The partial and compile methods depend on a lookup function having been set which will throw an exception for missing values. Otherwise, whatever you feel like returning will be treated as a perfectly respectable value and passed on to later stages of evaluation, without recording any missing inputs.

Note that all of these methods require the input to be pre-tokenized. Railyard does not know anything about your lexical grammar.

Railyard also has a couple of auxiliary methods to tweak the behavior of the parser. Before or after registering operator definitions, you can also optionally

  • use parser.setImplicitOp(token: string) to tell Railyard to use a default infix operator for values in hiatus; i.e., calling parser.setImplicitOp('*'); will cause it to interpret the input ['a', '(', 'b', '+', '1', ')'] as equivalent to ['a', '*', '(', 'b', '+', '1', ')']; i.e., parser.interpret('a ( b + 1 )'.split(' ')) === parser.interpret('a * ( b + 1 )'.split(' ')). Setting a certain operator token as the implicit operator does not change its precedence! If you want, e.g., implicit multiplication and explicit multiplication to have different precedence, you must register different operators with the same implementation.
  • use parser.unaryFnAsPrefix(flag: boolean) to tell Railyard whether to permit calling unary functions as unary prefix operators without parentheses. The default is true. If set to false, examples like sin t will throw an error, requiring sin ( t ) instead.

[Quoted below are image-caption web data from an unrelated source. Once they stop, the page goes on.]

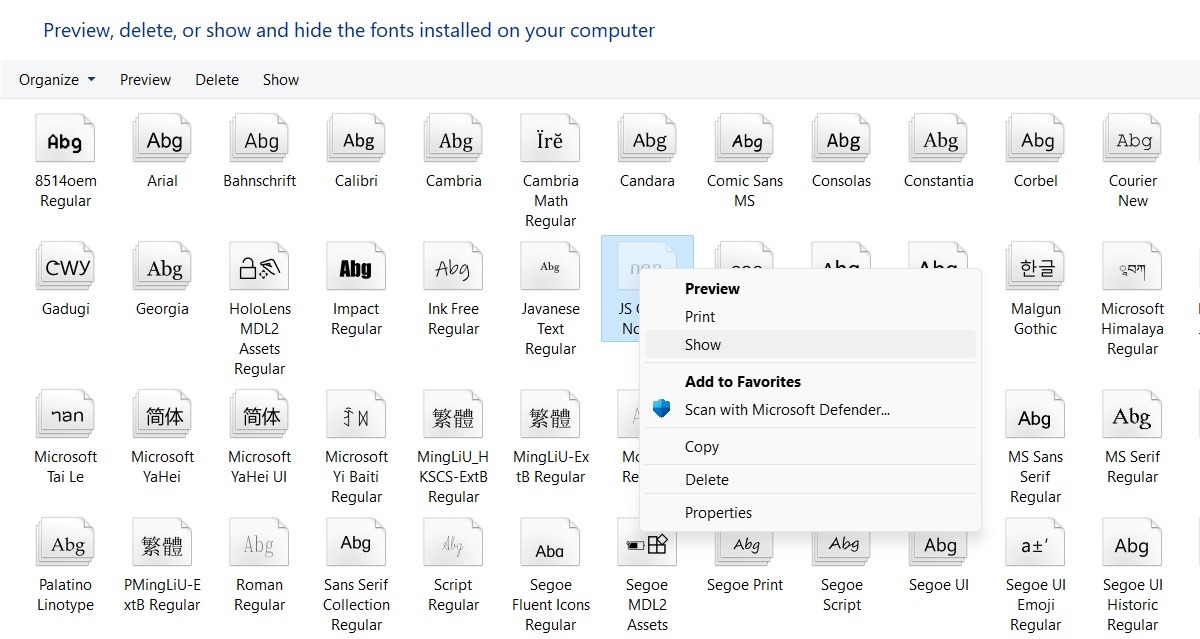 Show fonts in Control Panel by right-clicking the font. 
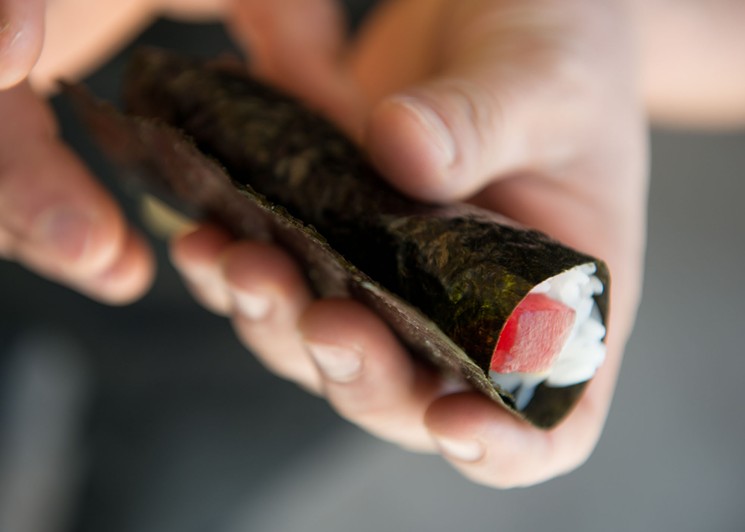 Two new Dallas handroll bars, Nori Handroll Bar and Namo (pictured), are duking it out in Dallas' growing temaki scene. - ALISON MCLEAN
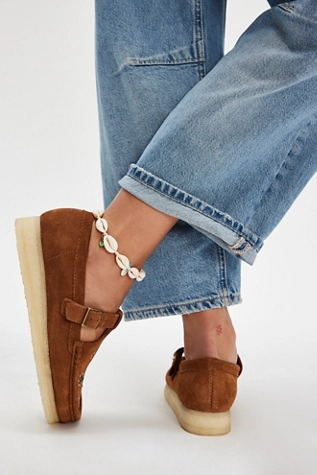 Free People Clarks Wallabee T-Bar Mary Janes Brown / Orange Suede Stud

Appendix: Intrinsic Implementations

The complete list of available Intrinsic functions is as follows:

{
  [ADD]: (a, b) => a + b,
  [SUB]: (a, b) => a - b,
  [MUL]: (a, b) => a * b,
  [DIV]: (a, b) => a / b,
  [REM]: (a, b) => a % b,
  [XOR]: (a, b) => a ^ b,
  [XNR]: (a, b) => ~(a ^ b),
  [AND]: (a, b) => a & b,
  [NND]: (a, b) => ~(a & b),
  [ORR]: (a, b) => a | b,
  [NOR]: (a, b) => ~(a | b),
  [NEG]: a => -a,
  [INV]: a => ~a,
  [NOT]: a => !a,
}